Appeared in Kathmandu Post on 4/3/2009 and Deccan Herald on 8/11/2008
Colin Todhunter talks to journalist-turned-activist Ruchira Gupta who has made a documentary on the brothels of Kamathipura in Mumbai, where women and girls from Nepal were kept in small four-by-four foot rooms and made to service 15 to 20 men a day
During the late 1990s, journalist-turned-activist Ruchira Gupta went to the brothels of Mumbai to make a documentary about sex trafficking, the award winning and extremely harrowing 'Selling of Innocents'. She says she had never before seen anything like the type of human exploitation that she encountered in the city's red light district. In response, she started an initiative called Apne Aap to help women and children who had been sexually exploited regain their independence.
Trafficking for commercial sexual exploitation is a worldwide, multi billion-dollar industry. One million girls and women are trafficked in Asia as a whole, and between 5,000 and 7,000 Nepali girls are trafficked every year to India. The process comprises a chain of supply, which includes the financially poor parent, the procurer, the border guard, the agent who takes the girls across the border, the people who then transport them to Mumbai and the brothel madame.
Gupta travelled to the brothels of Kamathipura in Mumbai, where women and girls from Nepal were kept locked in small four-by-four foot rooms, with no windows and made to service 15 to 20 men a day. They were subjected to rape, physical abuse, torture, violence, repeated abortions and life-threatening diseases. They had been sold, tricked or forced into a life of sexual slavery.
The women had been sold into prostitution when they were nine or ten and had been locked up inside the brothels for years. They were isolated and scared, but taking part in the documentary helped them come together. And that is essentially how Apne Aap was born.
Right not to be
Apne App means 'self help' in Hindi. Based on the notion that rights aren't just given, they have to be claimed, Apne Aap articulates the struggle of women who want the 'right not to be a prostitute'.
At Apne Aap, women are welcome any time during the day to sleep, bathe or drop off their children for care. The project has various community centres, based on the model that you have to train women on rights and how to access them. There are also resource and training centres as well as re-integration centres in red light areas and slums in Bihar, Delhi, Maharashtra and West Bengal. It also runs night crèches and soup kitchens in red light districts.
Sex trafficking
When girls and women first have contact with Apne Aap, they don't have a sense of what is right, and what is constitutionally their entitlement. Gupta says, "They don't know that it's not allowed to extort money from them or that men cannot go inside the brothel anytime and smash the furniture." Apne Aap is trying to inform women how to challenge the police and how to tackle HIV/AIDS, tuberculosis and various other issues.

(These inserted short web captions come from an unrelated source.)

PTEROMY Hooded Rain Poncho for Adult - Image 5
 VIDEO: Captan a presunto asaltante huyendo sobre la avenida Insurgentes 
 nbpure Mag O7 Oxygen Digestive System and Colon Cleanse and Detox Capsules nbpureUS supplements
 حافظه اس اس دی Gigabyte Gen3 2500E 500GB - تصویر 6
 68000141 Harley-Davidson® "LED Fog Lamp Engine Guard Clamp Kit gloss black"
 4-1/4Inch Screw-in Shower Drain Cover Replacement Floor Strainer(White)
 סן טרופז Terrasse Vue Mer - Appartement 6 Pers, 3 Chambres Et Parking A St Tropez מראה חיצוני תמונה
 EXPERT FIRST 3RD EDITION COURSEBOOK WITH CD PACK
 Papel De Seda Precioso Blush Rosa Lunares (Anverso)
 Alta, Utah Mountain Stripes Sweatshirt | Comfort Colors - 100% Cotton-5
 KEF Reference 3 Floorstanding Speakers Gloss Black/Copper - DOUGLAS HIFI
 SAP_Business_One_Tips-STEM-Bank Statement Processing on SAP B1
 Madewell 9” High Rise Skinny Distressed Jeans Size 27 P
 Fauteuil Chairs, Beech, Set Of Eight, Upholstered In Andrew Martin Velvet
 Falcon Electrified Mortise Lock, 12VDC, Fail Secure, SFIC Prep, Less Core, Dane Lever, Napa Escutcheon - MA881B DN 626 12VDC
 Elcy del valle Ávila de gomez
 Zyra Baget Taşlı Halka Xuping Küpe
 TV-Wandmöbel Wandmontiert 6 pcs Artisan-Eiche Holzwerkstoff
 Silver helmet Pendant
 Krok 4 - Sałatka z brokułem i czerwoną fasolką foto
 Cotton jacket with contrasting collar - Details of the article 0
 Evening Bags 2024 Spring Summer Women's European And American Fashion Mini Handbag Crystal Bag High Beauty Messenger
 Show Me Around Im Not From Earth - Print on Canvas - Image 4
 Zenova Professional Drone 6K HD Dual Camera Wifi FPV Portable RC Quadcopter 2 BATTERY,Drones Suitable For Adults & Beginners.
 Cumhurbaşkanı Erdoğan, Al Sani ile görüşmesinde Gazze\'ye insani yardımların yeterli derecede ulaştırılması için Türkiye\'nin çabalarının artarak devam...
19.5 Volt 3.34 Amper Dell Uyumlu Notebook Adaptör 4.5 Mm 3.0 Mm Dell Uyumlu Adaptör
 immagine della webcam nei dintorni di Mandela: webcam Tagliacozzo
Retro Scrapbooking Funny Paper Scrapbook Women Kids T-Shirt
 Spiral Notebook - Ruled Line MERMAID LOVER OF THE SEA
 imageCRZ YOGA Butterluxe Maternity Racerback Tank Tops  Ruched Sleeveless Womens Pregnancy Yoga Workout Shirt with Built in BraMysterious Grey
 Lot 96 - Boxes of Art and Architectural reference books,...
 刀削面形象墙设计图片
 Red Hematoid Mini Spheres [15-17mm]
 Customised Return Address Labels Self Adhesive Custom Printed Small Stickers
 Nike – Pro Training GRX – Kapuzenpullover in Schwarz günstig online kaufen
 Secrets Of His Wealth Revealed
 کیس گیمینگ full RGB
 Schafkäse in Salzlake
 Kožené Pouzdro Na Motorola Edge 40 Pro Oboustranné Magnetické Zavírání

Gupta wants to eradicate sex trafficking, but argues that just buying the girls off is no solution because the demand will still be there, and as long as there is a demand, there will be a supply. So Apne Aap is going into villages and launching prevention campaigns. For instance, the girls go and talk about their own life experiences, what happened to them inside the brothel and what can happen to young girls who come in. The project also promotes the rights of a girl and how she has equal right to property as her brother.
Workshops for men
Workshops are also being held with men, including the police, customers and pimps. Sometimes men come to the brothels thinking that because they have a sexual urge, the thing is to go and look for a really young girl and find an outlet. Apne Aap makes them aware that this is exploitive, and new ideas are introduced and old ones discarded. For example, they may think that masturbation is wrong and that it will make them blind, or they might think that sex with a virgin will cure them of AIDS.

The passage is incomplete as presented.